APPEARANCE OF NOTHING – All gods are gone
L’air de rien, nos voisins helvétiques possèdent quelques grands noms dans l’univers du rock, Gotthard, Krokus ou Celtic Frost sont là parmi d’autres pour le prouver, et si leur nombre ne ferait pas vaciller celui des impérialistes scandinaves par exemple, leur qualité n’a par contre rien à leur envier ni à quelqu’autre groupe intercontinental qui soit. Voici un autre groupe suisse qui s’installe d’emblée dans la cour des grands, Appearance Of Nothing, qui réalise avec « All Gods are gone » son 3e album, si l’on prend en compte leur 1re démo, et ce en 7 ans d’existence.
Le groupe avance quelques atouts de taille dans leur conquête du monde musical et rock. Le premier d’entre eux est de compter en son sein deux chanteurs principaux, en l’occurrence le bassiste Omar Cuna et le guitariste Pat Gerber, l’un possédant une voix au timbre clair, l’autre une voix profonde et rauque, la combinaison des deux conférant une richesse vocale indéniable au band. Deuxième atout, cette richesse est encore renforcée sur le présent album par la présence de deux invités, et non des moindres, puisqu’il s’agit de Devon Graves de Psychotic Waltz et de Dan Swäno de Nightingale et Edge of Sanity, qui prend ici en charge le chant grunt, qu’il a aussi pratiqué sur le dernier album de Star One alias Mr Lukassen, « Victims of the modern age ». Troisième atout, Appearance Of Nothing est constitué de musiciens hors pair, jouant ensemble depuis plusieurs années, ce qui ajoute encore à leur cohésion.

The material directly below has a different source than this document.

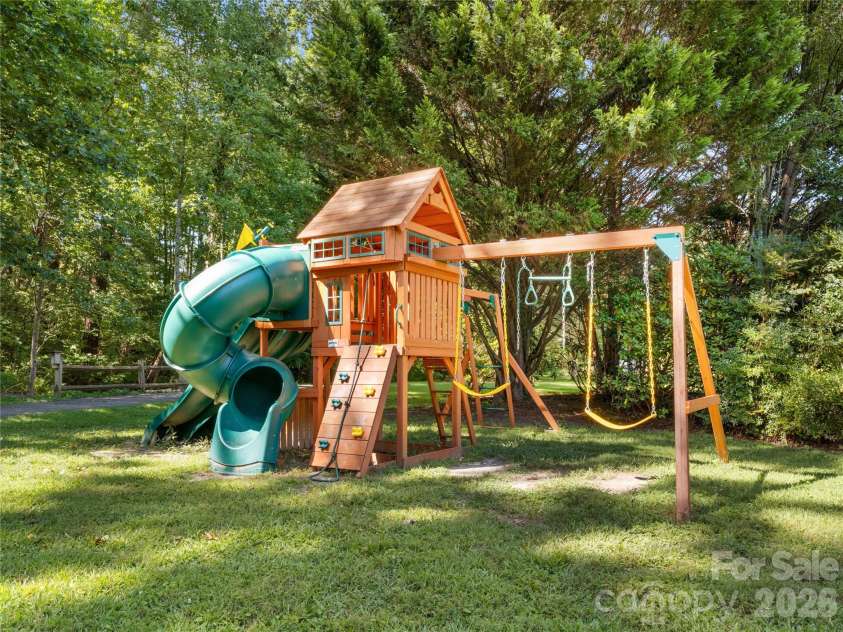 121 Churchill Downs Drive, Fairview, NC 28730.  MLS# CAR4420443, YatesRealty ID 19111. Playground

Encore faut-il transformer ces atouts en un résultat séducteur et attractif, il ne suffit en effet pas d’avoir les ingrédients de la meilleure qualité pour réussir une cuisine gastronomique. C’est là qu’intervient le savoir-faire, lequel devrait alors idéalement s’allier avec le faire-savoir pour déboucher sur une œuvre indiscutable et reconnue. Appearance Of Nothing possède indéniablement ce savoir-faire et l’inspiration qui le magnifie, et ce « All gods are gone » se place tout simplement dans le lot supérieur des productions de métal progressif, bien au dessus de la mêlée, ce qui permet au groupe de s’asseoir aujourd’hui sans complexe à la table des grands, aux côtés des Symphony X, Dream Theater, Vanden Plas et autres Redemption.

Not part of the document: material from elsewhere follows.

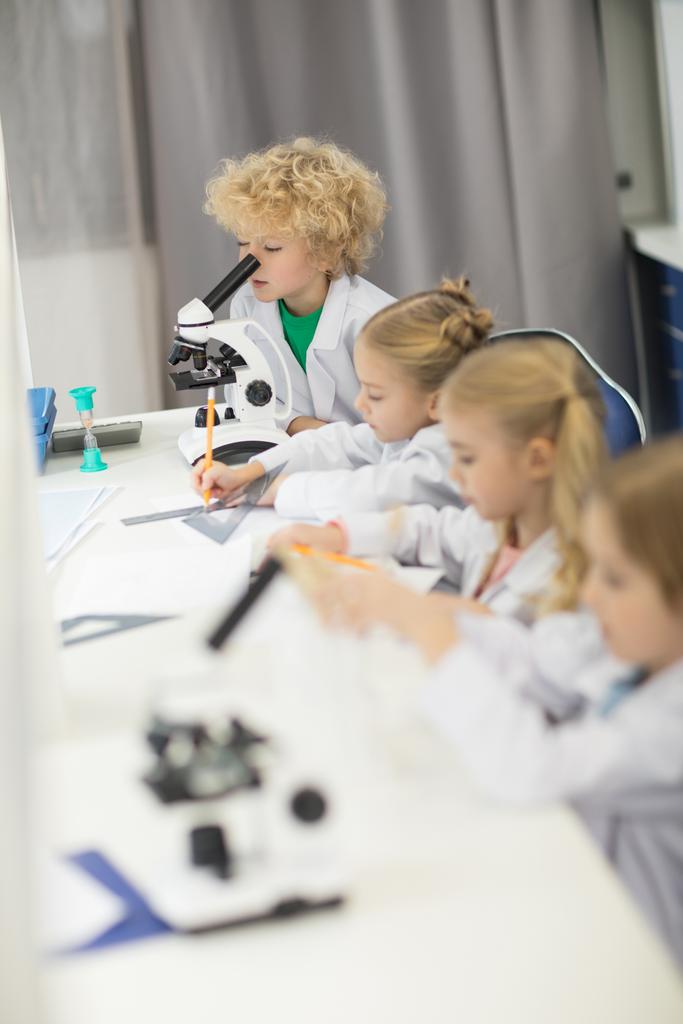 Niños estudiando en laboratorio
 - Foto, Imagen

Il est difficile de mettre en exergue dans cet album un morceau ou l’autre tant y est constante la qualité, tant y est permanente l’inspiration, tant y est dense la richesse musicale. Il y a de l’énergie à revendre, de l’ampleur, de la finesse, une dynamique qui évite la lourdeur, des enchaînements divins, une cohésion irréprochable au service de compositions fortes. « The mirror’s eyes » débute de façon athlétique, mais vous y trouvez vite des variations de tons et d’intensité qui imposent leurs emprises, ainsi que la force de l’alternance vocale entre les deux chanteurs, fer de lance et véritable marque de fabrique du groupe, responsable en grande partie du fait que notre attention et notre plaisir à l’écoute de cet album ne baissent jamais la garde. Ajoutez-y le chant grunt de Swäno, qui intervient dès le 1er titre et ensuite régulièrement tout au long du disque, plus celui de Graves, et vous comprendrez que Lukassen et son Star One ont probablement hérité d’un réel sujet de préoccupation concurrentielle. D’autant que les mélodies s’incrustent durablement dans vos cellules mémorielles comme l’atteste par exemple « Sweet enemy », structuré en une progression irrésistible qui dure 9 minutes.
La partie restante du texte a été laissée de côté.